Thursday, March 23, 2017
Regarding the talent involved, I was wrong. Recently, I actually sought the film out for its pedigree. John Frankenheimer directed, Scott Glenn had the lead, and John Sayles co-wrote the script. Surely this mix would produce something beyond the typically low grade actioner? While I'm not exactly singing its praises, I wasn't disappointed. Sayles wrote several scripts for B-fare during this time period, movies like ALLIGATOR and THE HOWLING, which were several notches above the usual manure. THE CHALLENGE essentially is a B-movie, albeit one that is just as fascinated with East/West culture clash as with swordplay that may or may not conclude with someone's head being split vertically into two halves.
Glenn plays a slow witted L.A. boxer named Rick who is approached by a wheelchair bound Japanese man named Toshio and his sister. Rick is to smuggle a rare sword to Japan for a few grand. As his life is apparently without many prospects, he almost immediately accepts, without voicing too many suspicions. This proves to be regrettable as soon after landing Rick is ambushed by the Toshio's brother who appropriates the sword and informs the American that it is in fact, a fake. Rather than kill Rick, he gives him the option of infiltrating his uncle's (Yoshida) martial arts academy, where the real sword remains separated from its twin, owned by his father, Hideo. The opening scene of the movie sets the stage with a backstory dating back to 1945.
THE CHALLENGE spends much time in Yoshida's school as Rick slowly becomes indoctrinated to the ways of Bushido. He will sample their cuisine, consisting of often still alive seafood, and be tested by remaining buried up to his neck in the sand outside for five days. None other than Toshiro Mifune plays Yoshida-san, a sensei given to meditation and old school weaponry. His presence certainly elevates this movie from the usual muck of ninja dramas, and he is fun to watch. The drama of the two brothers' battle to reunite the swords is to honor a centuries old tradition, no matter how much arterial spray must be shed in the process. Hideo represents Western excess with his million dollar deals and arsenal of machine gun toting minions. Rick will be tested by both sides for his loyalty and allegiance.

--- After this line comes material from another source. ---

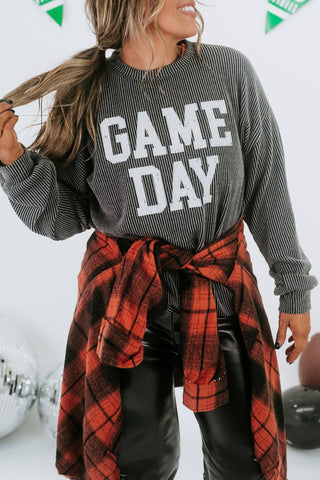 Dark Grey GAME DAY Ribbed Top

Sounds standard, and certainly is for the most part. The screenplay, co-written with Sayles by Richard Maxwell and Marc Norman, covers most of the bases of the genre. For good measure, a subplot involving Rick's mentoring of a little boy at the academy is woven in, though it feels gratuitous, as does an obligatory sex scene. Frankenheimer, who made an interesting assortment of films during his career, frames everything competently. The dialogue in this movie is a bit sharper than in say, REVENGE OF THE NINJA, likely due to Sayles. I found it interesting that the evil cousin (son of Hideo) talks like an American, complete with vulgarisms like "hide the salami", certainly in line with the modernist culture to which he's been exposed. I wonder also if it was Sayles' idea to stage the final battle in an office, where in addition to the precious swords a stapler becomes a key weapon.